# DSi Or Xbox360



## LivingToDie (Jan 16, 2009)

hi 
i have 200 Euros
i can buy a dsi or an xbox 360
i already have a ds but its really screwed... the touch screen is f*cked and well yeah dsi has really good functions and is better then my normal ds(phat)
My brother has a ps3 but i almost can not play on it because he doesnt allow me
with 200 euro i can buy or a dsi or a xbox360 

Hope you can help me choose (give reasons pls)

Thanks


----------



## EG09 (Jan 16, 2009)

deffo xbox360 it has loads of brilliant games


----------



## da_head (Jan 16, 2009)

r u serious? a ds with a shitty camera and a new menu
or the best console of the generation?


----------



## Maikel Steneker (Jan 16, 2009)

Well, you already know how great the DS is. If you want to continue playing these great games, get the DSi and a new DSi flashcart (AceKard 2i, EZ-Flash Vi or TTDSi). If you'd rather have something like the PS3, get the 360. It's that simple.


----------



## Nocturnius (Jan 16, 2009)

360. it should be a simple answer. I mean sure the ds has good games. but The 360 has alot of awesome games (most are shooter) but still good! Great Very great Online Community. Unlike the wack lame Nintendo wifi >:{   Also it depends what style of games you like. 360 is well known for their shooters. Look up their top 360 games and most are shooters. Obviously they have non shooter games but for me half is good and the other half is money badly spent. Good thing is. the 360 has loads of games out allready.   I had a 360 and a PS3 but i gave them to my older brother. He plays a lot more than I do and I don't play much games anymore. To put it in a few words lol Get a 360 not a dsi. like da_head said. shitty camera and a not so impressive new menu or the current best console of the generation.    ( I still believe PS3 will get better as time passes. Like the ps1 and ps2 did.)  Get a 360! you will not be disappointed!

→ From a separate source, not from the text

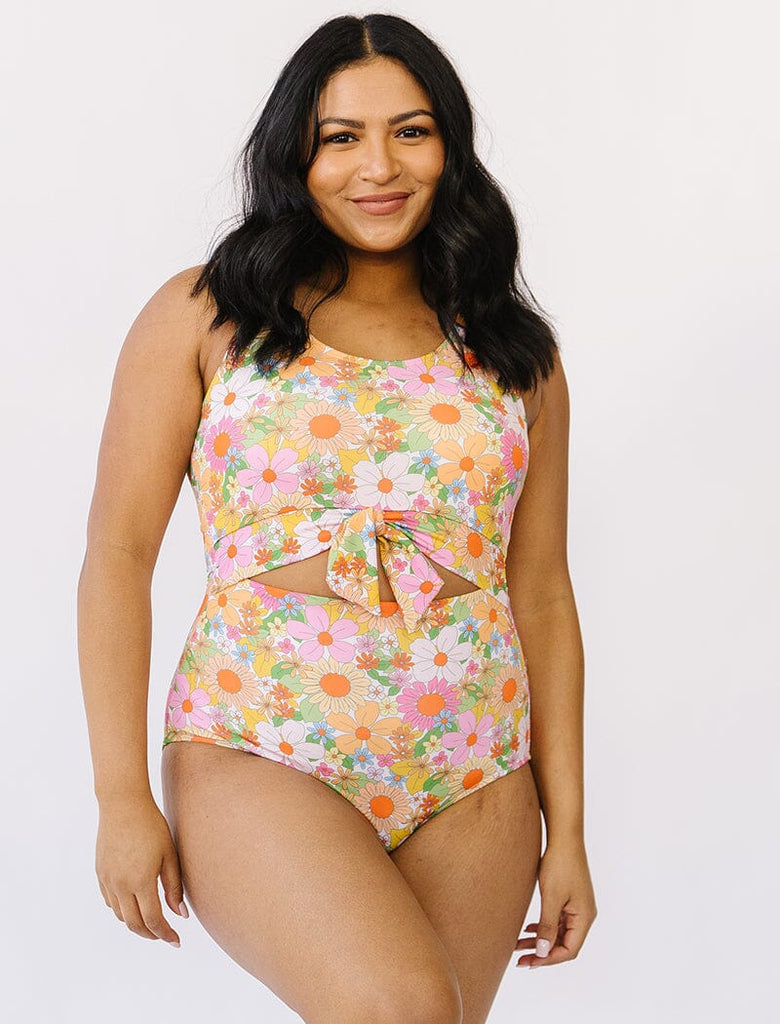 Photo of woman wearing multi colored floral knotted swim one piece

Oh and yea. With a 360. Get the exclusive awesome games and rub it in your bro's face. Cuz the ps3 lacks in exclusivity compared to the 360 which almost every exclusive is a big hit. He will ask to play your 360 and you will say no FOO! lol


----------



## Prime (Jan 16, 2009)

Xbox 360 Hands down

It is basically the best console of this generation


----------



## LivingToDie (Jan 17, 2009)

but xbox games are pretty expensive and you cant mod it ...
also i ''have'' a ps3
i dont know if these are reasons to stop me from buying......


----------



## da_head (Jan 17, 2009)

12philip12 said:
			
		

> but xbox games are pretty expensive and you cant mod it ...


where have u been?


----------



## ball2012003 (Jan 17, 2009)

xbox 360 definitely
dsi is out of the picture


----------



## LivingToDie (Jan 17, 2009)

how can dsi be out of the picture if its still coming to the picture ...


----------



## Isaiah (Jan 17, 2009)

Personally I would spend it on CANDY


----------



## War (Jan 17, 2009)

Xbox 360. It has loads of amazing games and awesome online. 

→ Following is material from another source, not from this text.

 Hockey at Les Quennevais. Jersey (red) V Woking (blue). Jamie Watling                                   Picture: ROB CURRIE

The DSi is a waste of money. Keep your current DS or turn it in for store credit and throw in some more money for a DS Lite.


----------



## LivingToDie (Jan 17, 2009)

but i mean... dsi is like a dsl but then perfected ? like corrected the wrong things so it should be better right ???


----------



## wilddenim (Jan 17, 2009)

I'd do what War suggested. 

I don't have a xbox360 myself but I would buy xbox 360 instead of DSi - the games are still the same as DS, just a new menu, crappy 0.3MP cameras and DSi ware. 

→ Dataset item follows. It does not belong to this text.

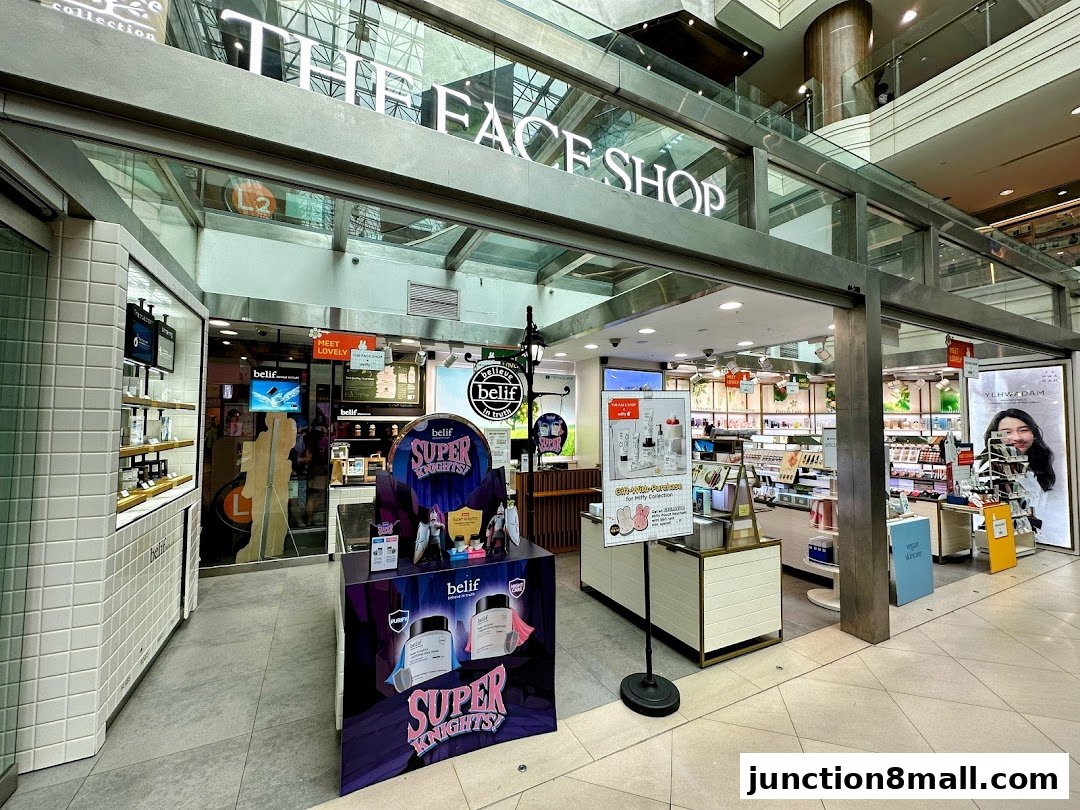 The entrance of THEFACESHOP, a beauty store, showcasing various skincare products and promotions.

XBOX360 - with right tools, you can mod it. Just need the right people and sites


----------



## ryukyus (Jan 17, 2009)

definitely xbox  360 it has  way better graphic, even though that  red ring of death will probably come up,  and already owned a  dslite, so dsi can suck it


----------



## DarkLG (Jan 17, 2009)

How the f***do you compare a DSi to a 360.If I were you I would get the 360 without thinking about it no DSi can replace a 360.


----------



## CyberFish (Jan 17, 2009)

Nocturnius said:
			
		

> Oh and yea. With a 360. Get the exclusive awesome games and rub it in your bro's face. Cuz the ps3 lacks in exclusivity compared to the 360 which almost every exclusive is a big hit. He will ask to play your 360 and you will say no FOO! lol



2006/early 2007 called. They want their pitiful excuse back.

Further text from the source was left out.